In multi-cell CDMA data systems, we assume that all the base stations can correctly receive information, they are fixed frame size and there is no forward error correction. In the following simulations, there are 20 stationary users and 4 base stations. The channel gain utilizes a simple path loss model $h_{i j} = a / d_{i j}^{b}$ with a=0.097 and b=4 in this paper.

Let G=W/R and chooseλ =10⁵.All the parameters are listed in Table 1.

Table 1: Simulation Parameters.




  
    M, total number of bits per frame
    80
  
  
    L, number of information bits per frame
    64
  
  
    R, chips transmission rate
     $10^{4}$ bits/second
  
  
    W, spread spectrum bandwidth
     $10^{6}$ Hz
  
  
    modulation
    Non-Coherent FSK
  
  
     $p_{\max},$ max power
    2 Watts
  
  
     $σ^{2}$ background noise(AWGN)
     $5 \times 10^{- 15}$ Watts



Table 1:  Simulation Parameters.

Algorithm: Consider the non-cooperative power control games of P1 and P2, use iteration to strike the optimal power,

Step 1: set the initial values, p(0) = 0, t (0)= 1, e = 0.000001, p_max = 2, t_max = 500, k=1.

Step 2: calculate p(k) to fulfill equation (18) and (19):

$γ_{i} (k) = \frac{G h_{i} p_{i} (k)}{\sum_{j = 1, j \neq i}^{N} h_{j} p_{j} (k - 1) + σ^{2}}, \forall i \in N, (18)$

$p_{i} (k) \frac{\partial U_{i}}{\partial p_{i} (k)} = 0, \forall i \in N . (19)$

Step 3: check if |p_i(k) − p_i(k − 1)| = e, if yes go to Step 5, otherwise, go to Step 4.

Step 4: t (k)=t(k-1)+1,check if t(k) = t_max, if yes go to Step 5, otherwise return to Step 2.

Step 5: end.

Figure 1 shows the deployments of base stations and nodes.
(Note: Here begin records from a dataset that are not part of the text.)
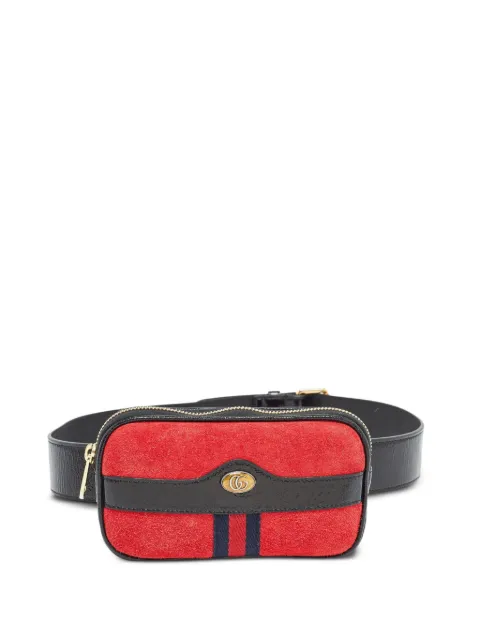 Gucci Pre-Owned suede panelled belt bag Red 975883
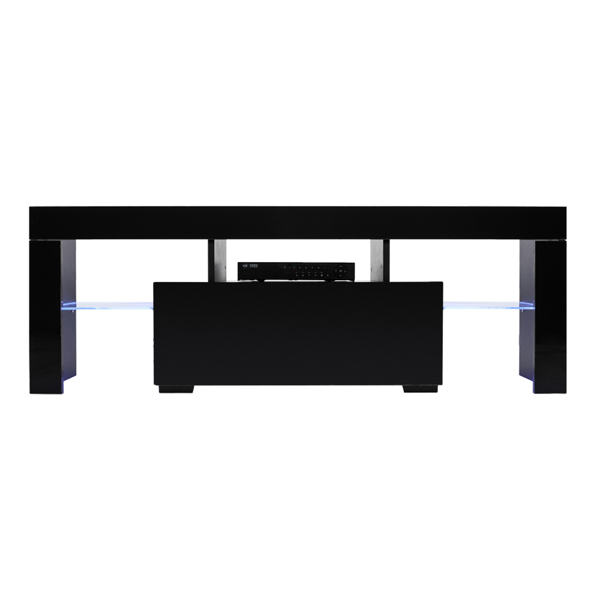 Elegant Household Decoration LED TV Cabinet with Single Drawer Black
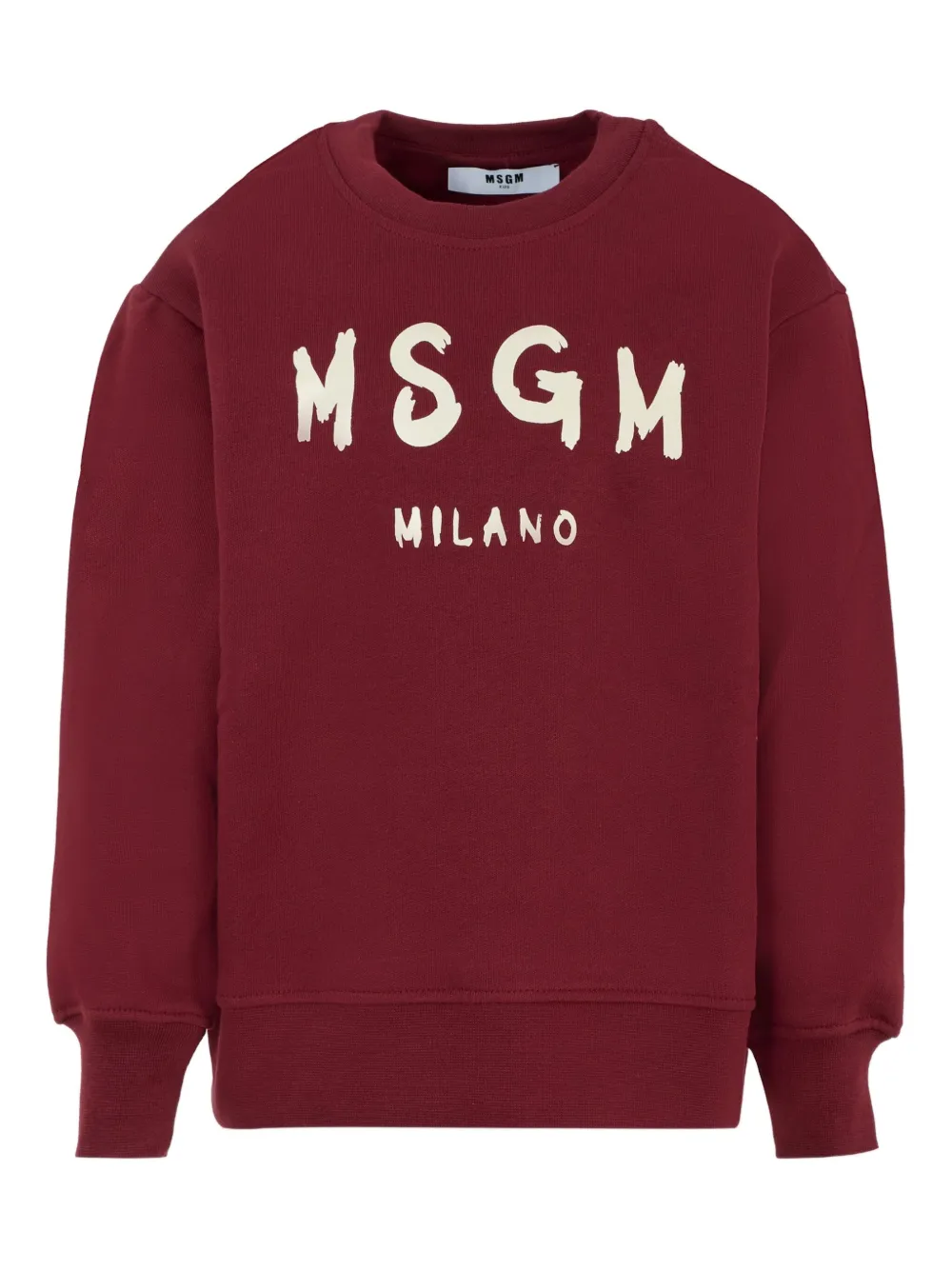 Msgm Kids' Logo-print Crew-neck Sweatshirt In Red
Figure 2 illustrates the powers at the equilibrium, which shows that the pricing mechanism (5)-(6) enable lower power consumption than the linear power mechanism (3). Figure 3 shows the utilities at the equilibrium, which indicates that all users get higher utilities with the pricing mechanism (5)-(6) than the pricing mechanism (3).